E-commerce giant Alibaba said sales on its online shopping platforms reached a record 268.4 billion yuan (about $38.28 billion) on November 11, marking a year-on-year growth of about 25.7 percent.
The annual shopping spree has seen a growing community of online shoppers, expanding further into different age groups and tiers of cities.
Over 500 million consumers shopped on Alibaba's major e-commerce platforms this year, increasing by some 100 million from one year ago, data from Tmall showed.
Among them, consumers born after 1995 accounted for about 30 percent, while those above 50 years old reported the highest growth rate, rising 42 percent year-on-year.
JD.com saw the per customer transaction in third-tier and lower-tier cities grew 130 percent during the November 1 to 11 period, with their orders making up over 80 percent of the total.
The growth in online shoppers is partly due to the emergence of social e-commerce platforms, which offer subsidies or discounts to encourage the invitation of new users and group buying.
"Online shopping is already part of Chinese people lifestyles, be them young or old, urban or rural," Alibaba Executive Chairman and CEO Zhang Yong said at the "Observing China" forum held Thursday.
Along with the growth of Chinese consumers' purchasing power, consumption demands are diversifying in terms of brand preference and categories.
Over 200,000 brands worldwide joined the festival on Tmall. Among the platform's 299 brands with sales for each brand beating 100 million yuan on Singles Day, Zhang said.
While big foreign brands continued to reap big during the shopping festival, many domestic brands, especially in smartphones and apparel, are winning more consumers.
Services consumption is also rising. Door-to-door beauty care, luxury product maintenance and other services were popular on e-commerce platforms during this period.
Liu Qiao, dean of the Guanghua School of Management at Peking University, predicted services consumption to make up about 60 percent or more in China's total consumption by 2035.

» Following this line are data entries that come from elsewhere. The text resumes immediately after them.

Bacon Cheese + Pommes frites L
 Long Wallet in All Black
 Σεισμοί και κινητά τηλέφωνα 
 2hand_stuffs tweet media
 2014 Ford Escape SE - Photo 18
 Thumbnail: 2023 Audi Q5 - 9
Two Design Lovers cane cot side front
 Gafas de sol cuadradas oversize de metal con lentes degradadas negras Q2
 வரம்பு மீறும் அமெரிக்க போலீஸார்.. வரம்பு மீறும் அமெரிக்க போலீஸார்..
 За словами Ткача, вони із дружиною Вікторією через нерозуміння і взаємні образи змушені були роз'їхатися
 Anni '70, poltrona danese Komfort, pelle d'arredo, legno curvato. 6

As Chinese consumers' shopping preferences and habits are changing, brands, especially those in manufacturing, should innovate their production and operation to boost the supply chain efficiency, said Manny Maceda, worldwide managing partner of global consultancy Bain & Company.
AliResearch head Gao Hongbing said that digitalization is the way to gain deeper understanding of consumers, develop tailored products and services, handle swarms of orders and ensure fast delivery and other post-sales services.
Via a big data platform that tracks real-time orders and inventory as well as an online-plus-offline retail strategy, domestic fashion brand PEACEBIRD raked in over 900 million yuan in sales on November 11.